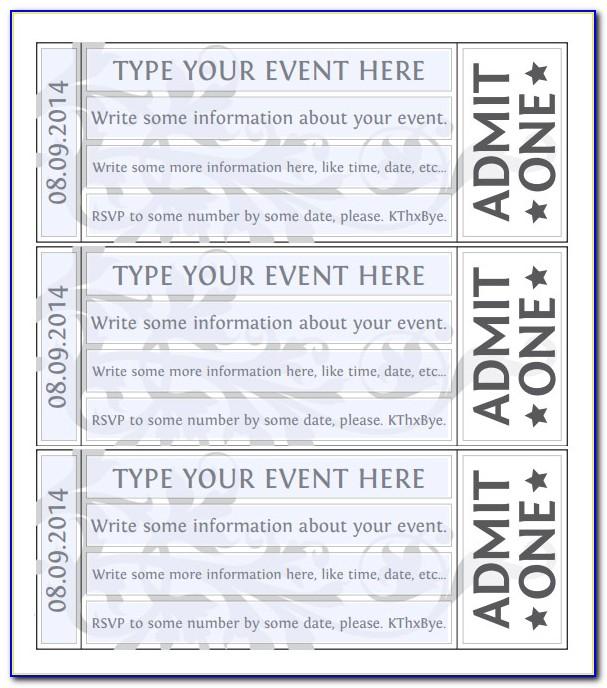 Printable Event Ticket Template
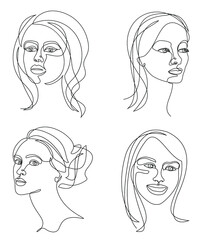 Collection. Silhouettes of the girl's head. Woman face in modern one line style. Solid line, aesthetic outline for decor, posters, stickers, logo. Vector illustration set.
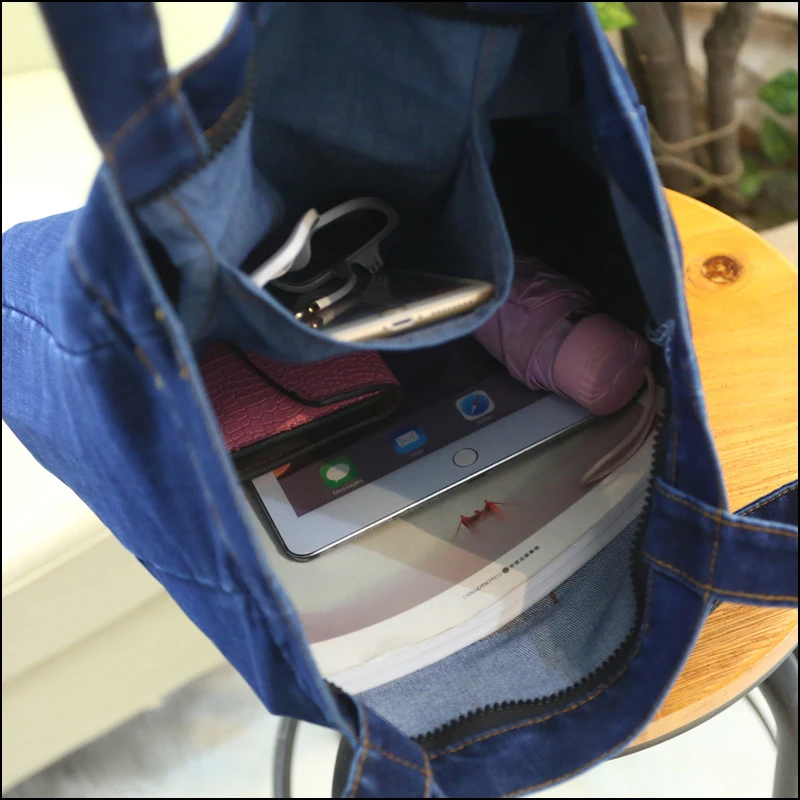 Foikvoon Корея простая женская сумка Повседневная дикая джинсовая сумка простое, маленькое, новое, женская большая сумка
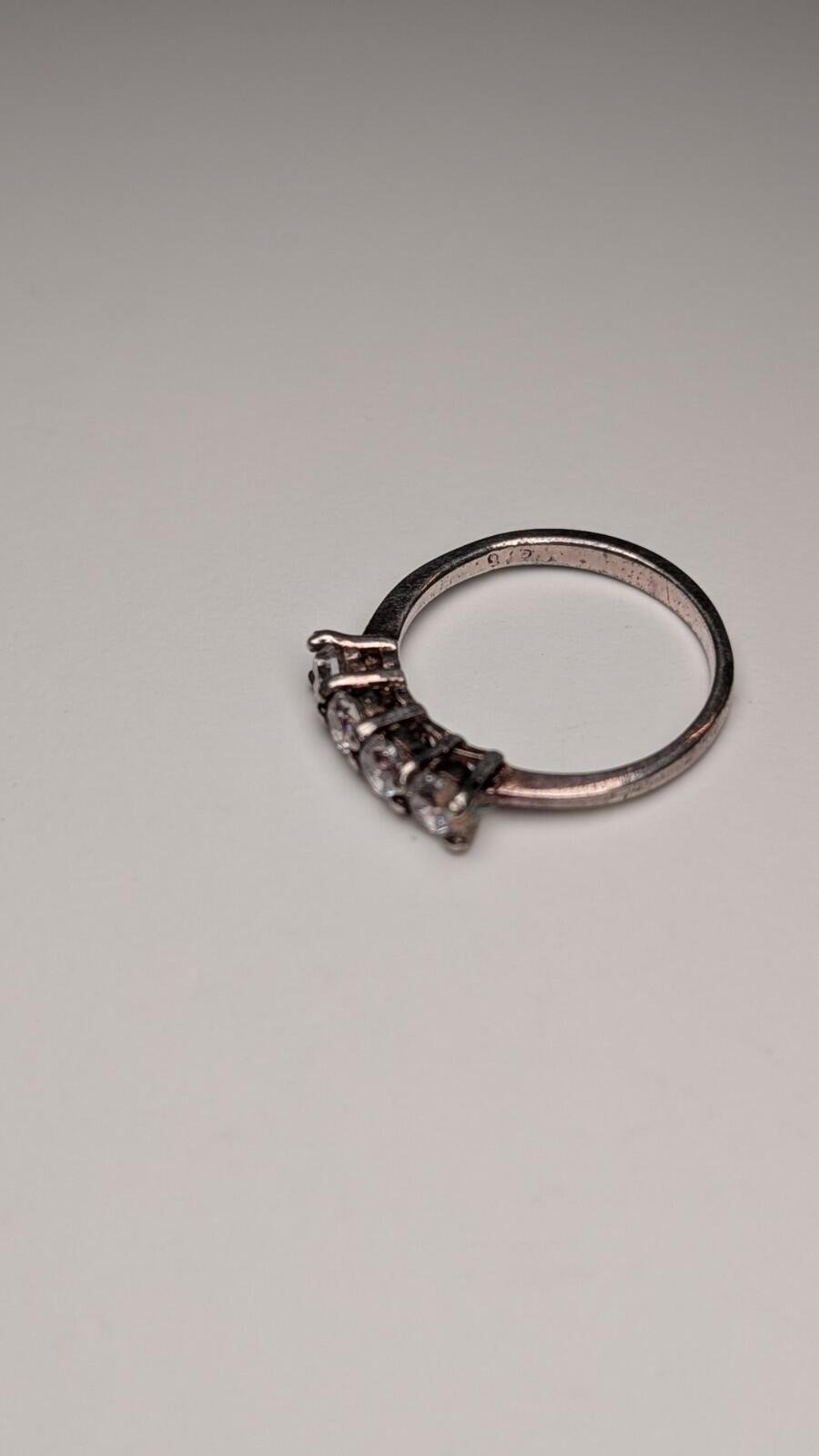Vintage Sterling Silver CZ 5 Stone Clear Gemstone Ring | Size L 1/2 | 925 - Image 2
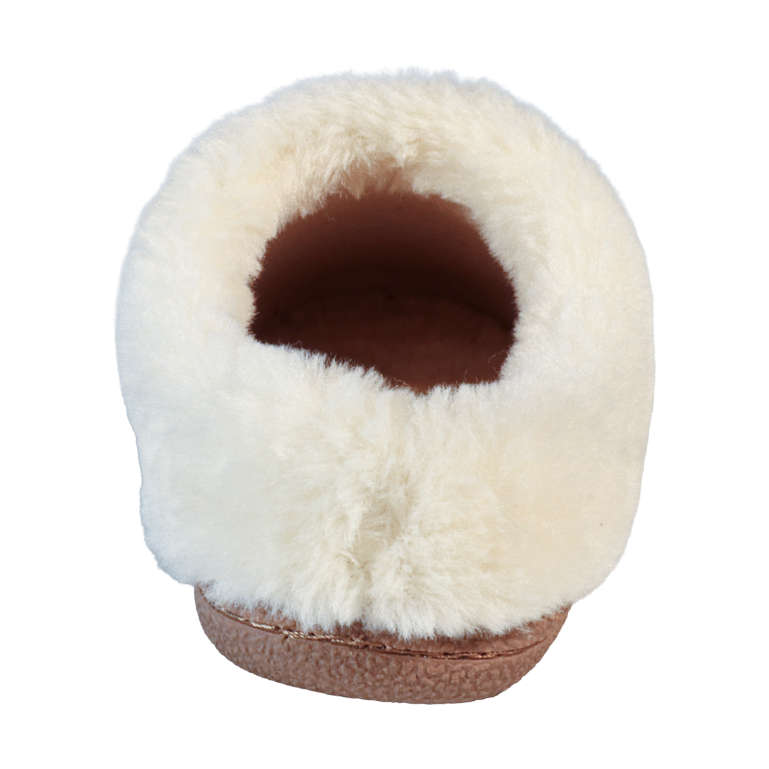Alnwick COGNAC Faux Suede Moccasin Style Fur Cuff Gift Boxed Slipper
------------------------------------------------
Retype every entry word for word, but do not carry over the pictures.

#### REPLY TO THE EXERCISE:
 Printable Event Ticket Template
 Collection. Silhouettes of the girl's head. Woman face in modern one line style. Solid line, aesthetic outline for decor, posters, stickers, logo. Vector illustration set.
 Foikvoon Корея простая женская сумка Повседневная дикая джинсовая сумка простое, маленькое, новое, женская большая сумка
Vintage Sterling Silver CZ 5 Stone Clear Gemstone Ring | Size L 1/2 | 925 - Image 2
Alnwick COGNAC Faux Suede Moccasin Style Fur Cuff Gift Boxed Slipper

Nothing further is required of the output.